BestOfN and Refine take a module and sample it. MultiChainComparison consumes completions produced by an outer Predict. ProgramOfThought and CodeAct hold internal ChainOfThought predictors. The variants are recipes built on the spine, not parallel implementations of it. Before reaching for one, ask whether the question is “I need more of what Predict already does” or “I need something Predict can’t do at all” — the answer is usually the former, and that’s the case these handle.

2. Sampling-and-aggregating modules vary one thing: the rollout ID

Both BestOfN and Refine deep-copy the wrapped module per attempt and swap in an LM copy with rollout_id = start + i and temperature=1.0. The rollout ID is what makes each sample produce a different output despite the same inputs — DSPy threads it into the LM cache key so the model resamples instead of replaying a cached response. Temperature is forced to 1.0 regardless of the LM’s default, because sampling is the point.

3. Reward functions are metrics graded at inference time

The signature reward_fn(args, pred) -> float mirrors the inference-time metric shape, but it does not need a gold example — it scores the prediction against the call’s inputs. The same function shape is reusable as a training metric, but a reward is graded now and decides which sample to keep, while a metric is graded later and decides which program to keep. The two roles overlap in shape and diverge in purpose.
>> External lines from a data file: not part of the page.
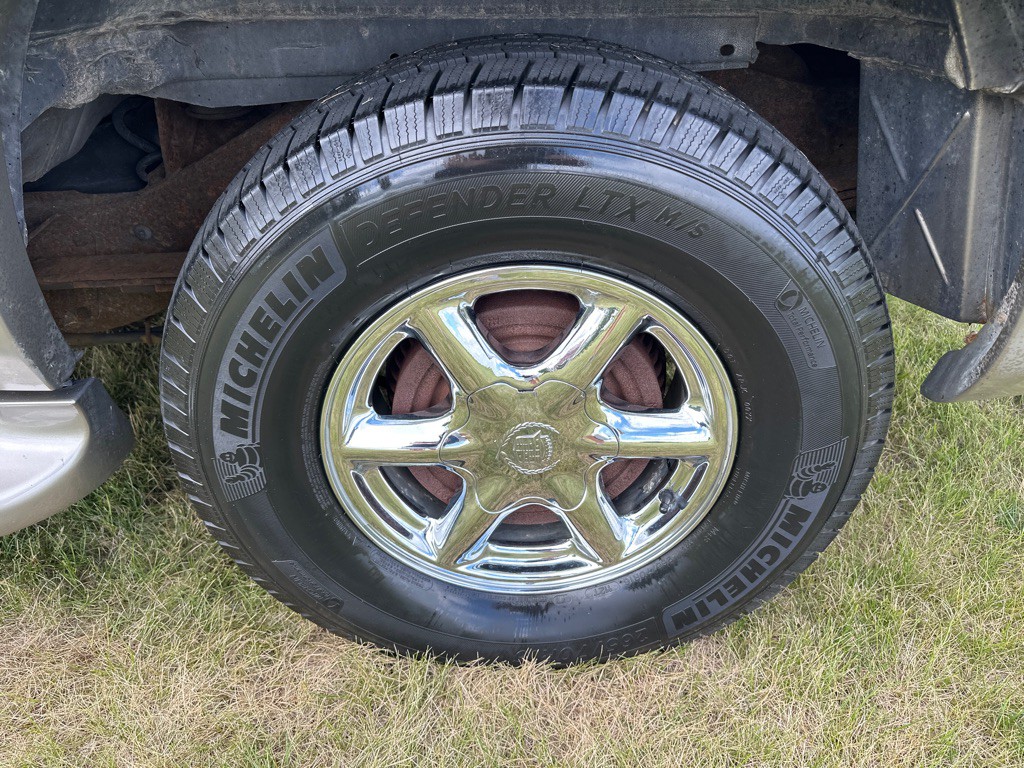 2000 Cadillac Escalade Image 18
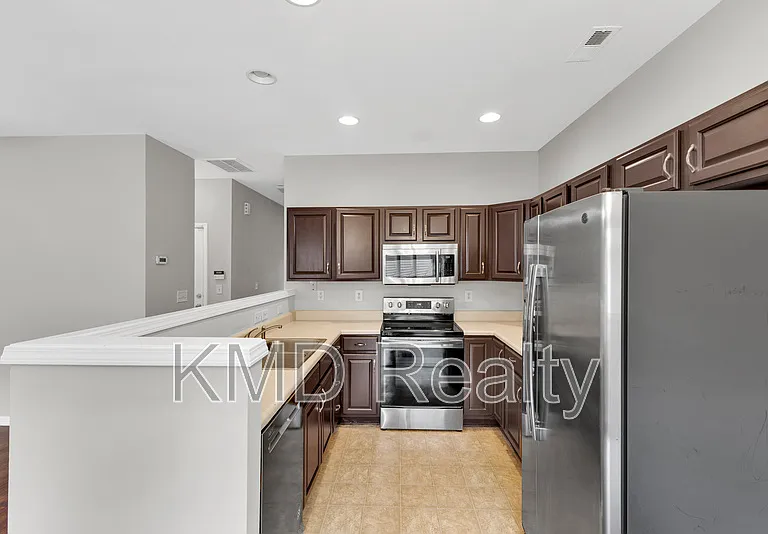 11054 Dixie Hills Dr — Photo 3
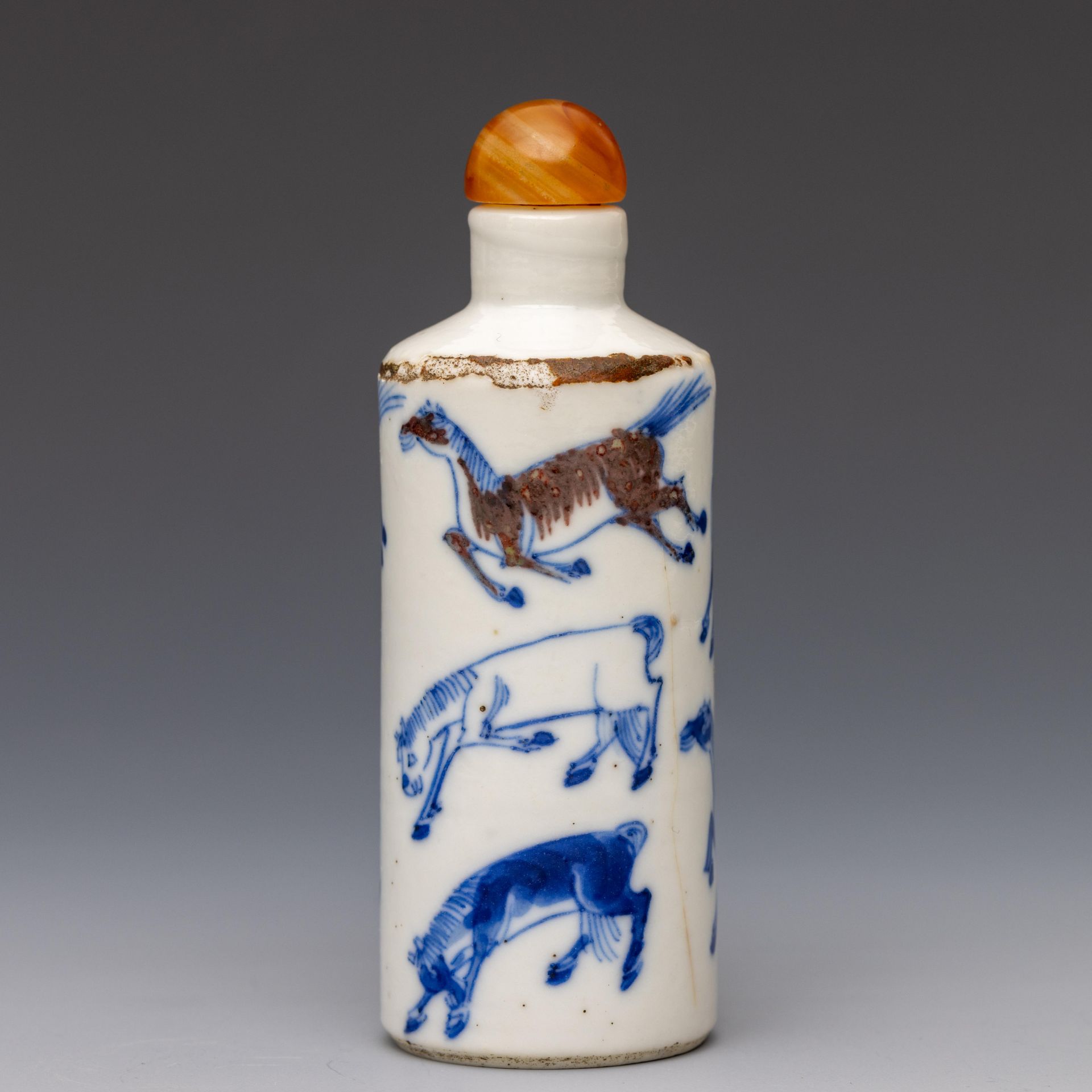 China, a blue and white and iron-red porcelain 'eight horses' snuff bottle and stopper, 19th century - Bild 2 aus 3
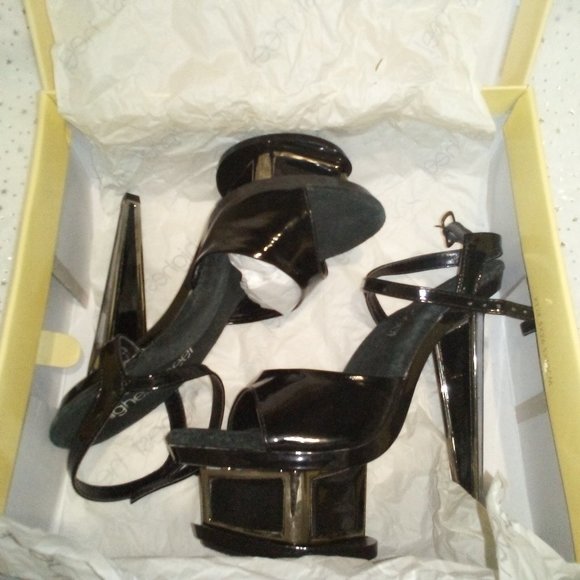 Highest Heels Spectrum-31 Platform Sandals, Black Pewter, 7 M US - Picture 8 of 12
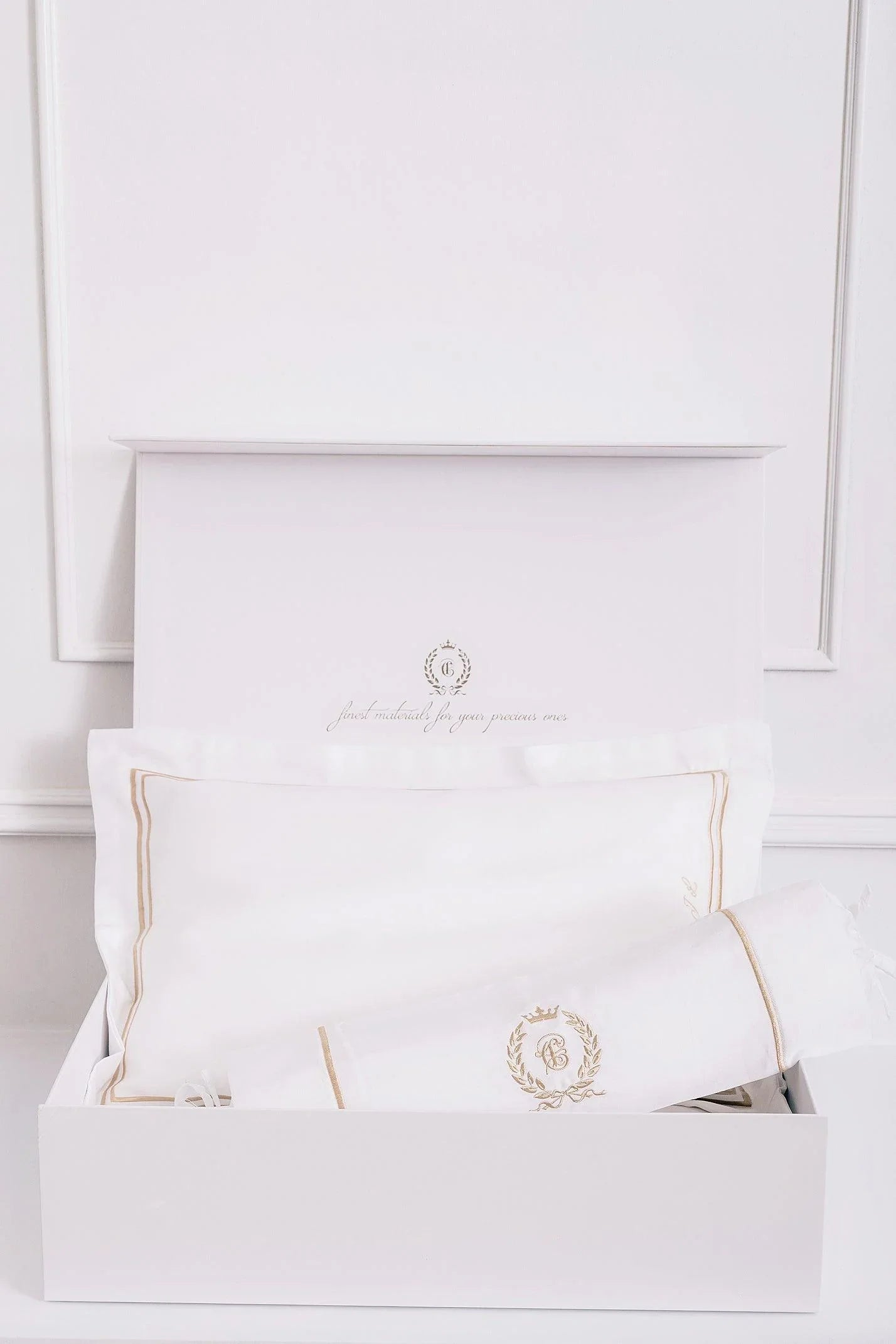 Elizabeth - The Luxury Nursery Collection Baby Bedding Gift Set - Count & Countess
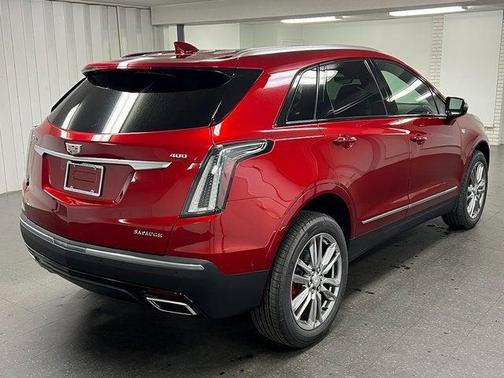 2025 Cadillac XT5 Sport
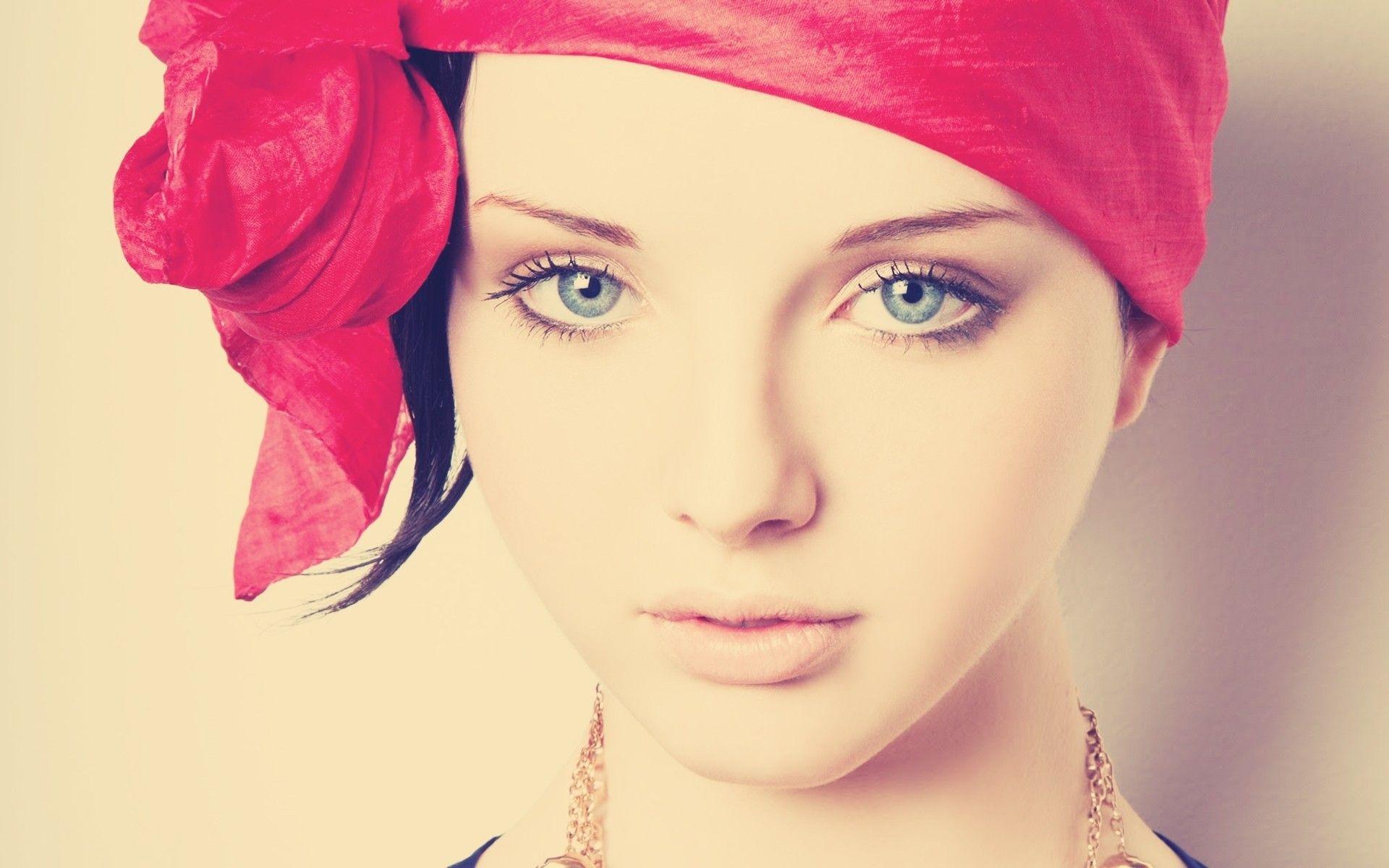 1920x1200 Face, Eyes, Blue eyes, scarf, Bow, Charm, Makeup wallpaper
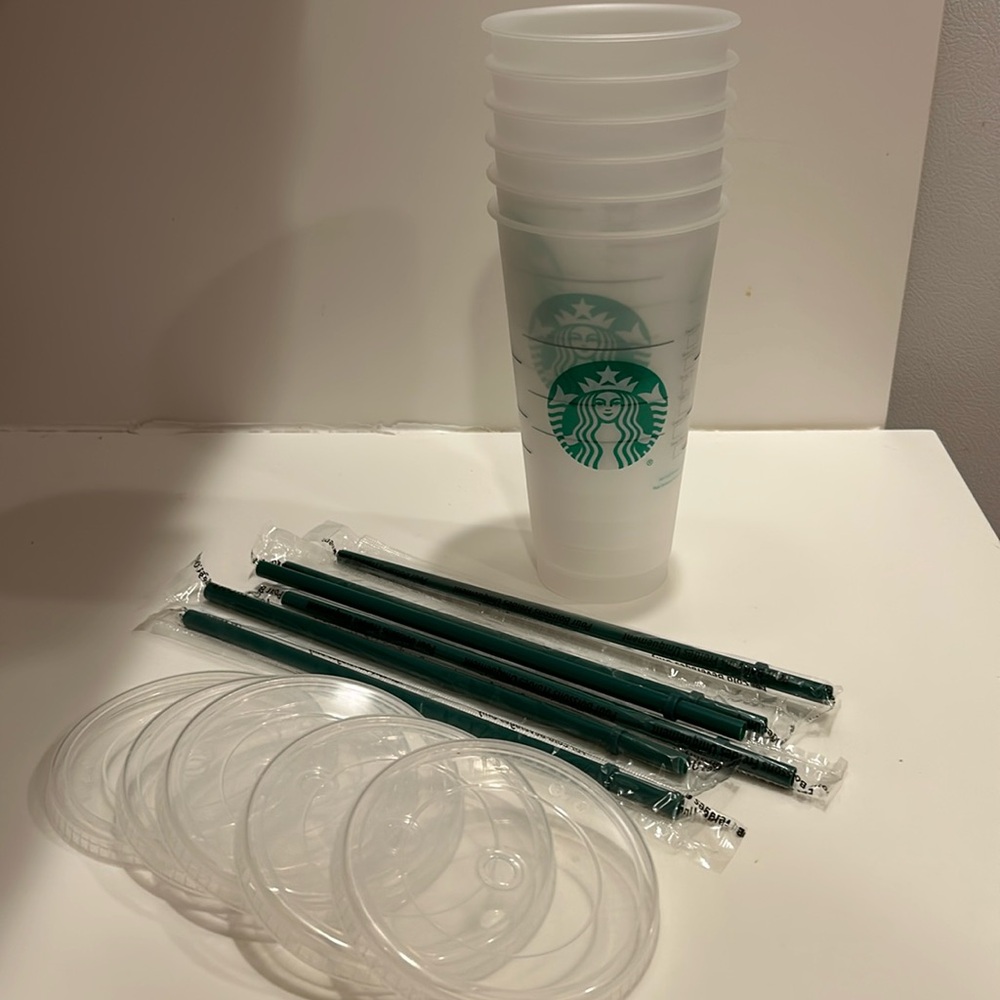 Starbucks Reusable 24 oz Cold cups with covers and wrapped straws-new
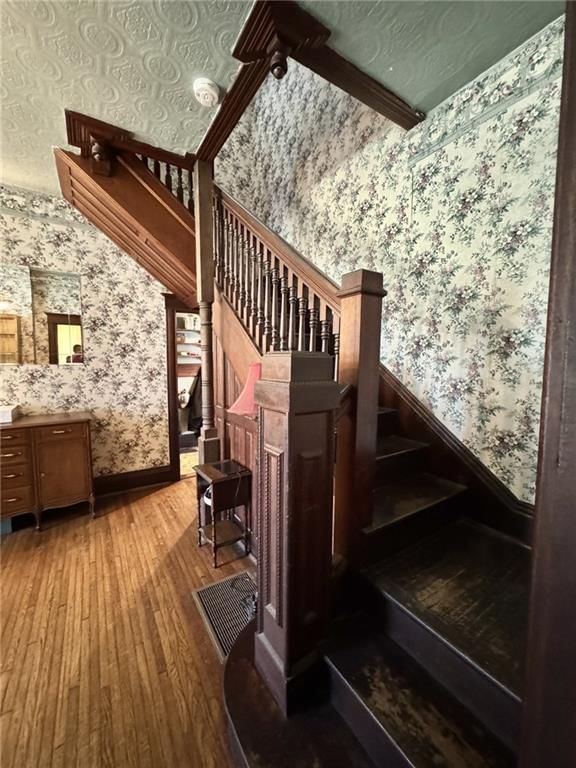200 S Moulton Street — photo 30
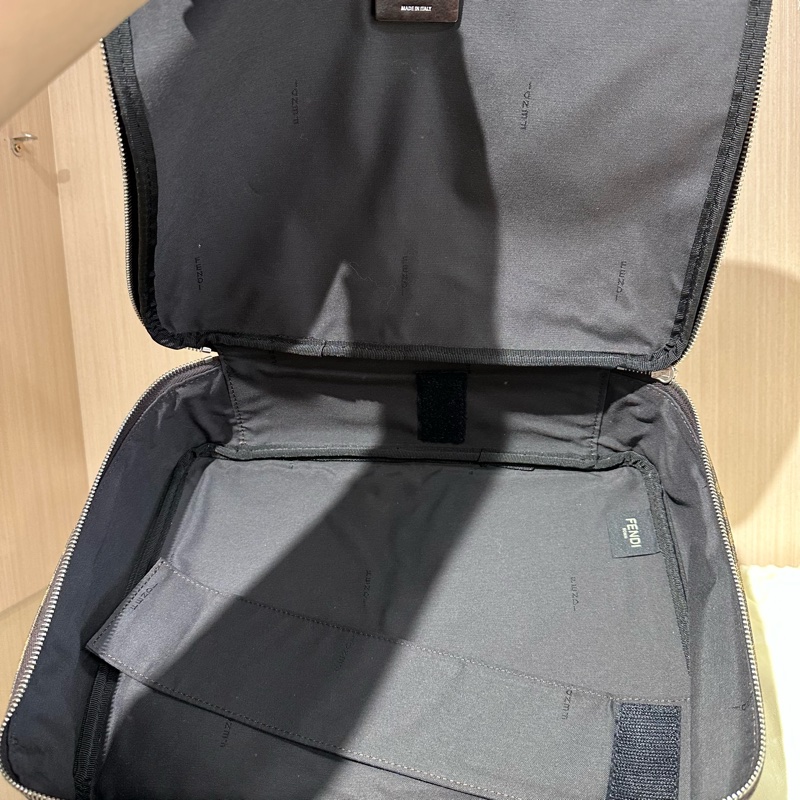 FENDI芬迪 老花拉鍊式方形 大號 洗漱包 化妝包黑灰色-8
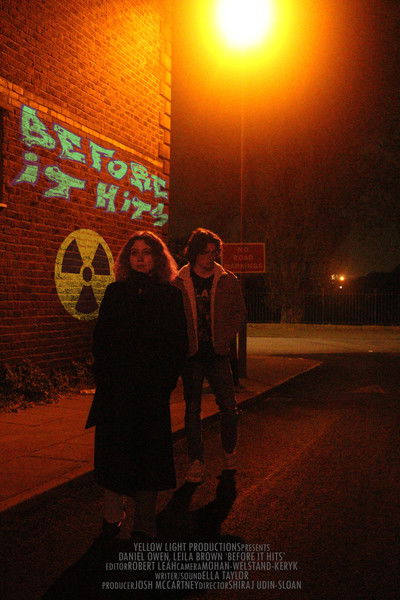 Poster do Filme Before It Hits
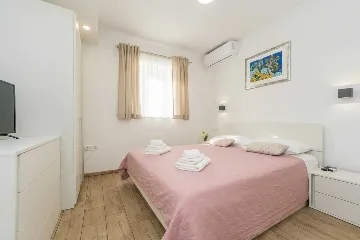 Podine 3-Bedroom Villa for Up to 8 Guests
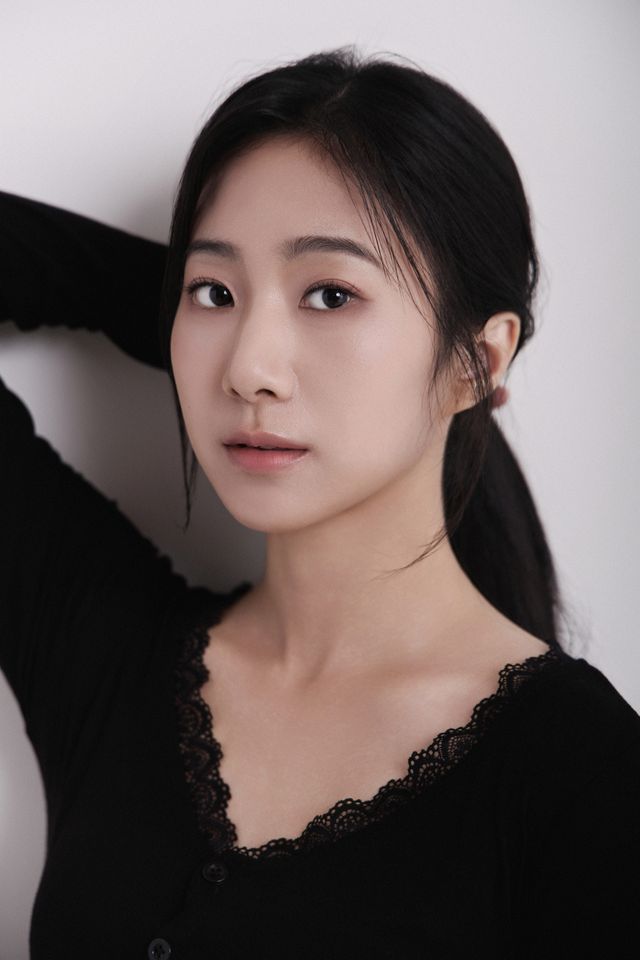 チョン・イェジン サムネイル画像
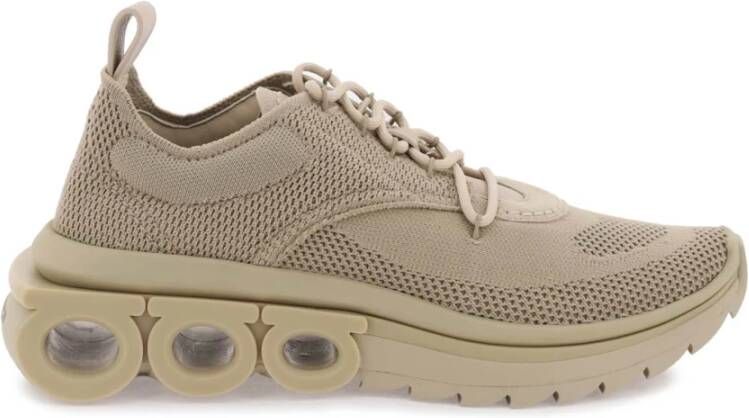 Salvatore Ferragamo Hardloopschoenen met technisch mesh en suède inzetstukken Beige Dames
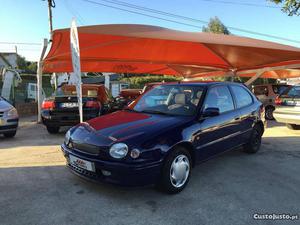 Toyota Corolla 1.4 como novo Fevereiro/99 - à venda -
4. MultiChainComparison expects pre-generated completions as its input

forward(completions, **kwargs) takes the completions as a positional argument rather than producing them. The caller produces M samples through a separate Predict (typically with n=M) and hands them in. Splitting sampling from judging keeps the two concerns independent: the completions could come from different LMs, from cache, or from earlier signatures — none of which MultiChainComparison needs to know about.

5. ProgramOfThought and CodeAct ship with a Python interpreter

Both rely on PythonInterpreter, which runs LM-generated code in a sandbox via Deno’s WASM runtime. Deno isolation is the reason: the LM’s code runs in a process with no filesystem or network access by default, so executing untrusted output is bounded. Installing Deno is a hard dependency for both modules; the constructor raises if Deno isn’t available.

6. CodeAct is ReAct plus a code sandbox

The class literally inherits from both: class CodeAct(ReAct, ProgramOfThought). The combination matters because some tasks need both the iterative loop of ReAct (think → act → observe) and the expressive power of writing Python (loops, list comprehensions, library calls). Tools are passed as plain def functions and dropped into the sandbox via inspect.getsource, so the LM calls them as regular Python rather than as JSON-shaped tool calls.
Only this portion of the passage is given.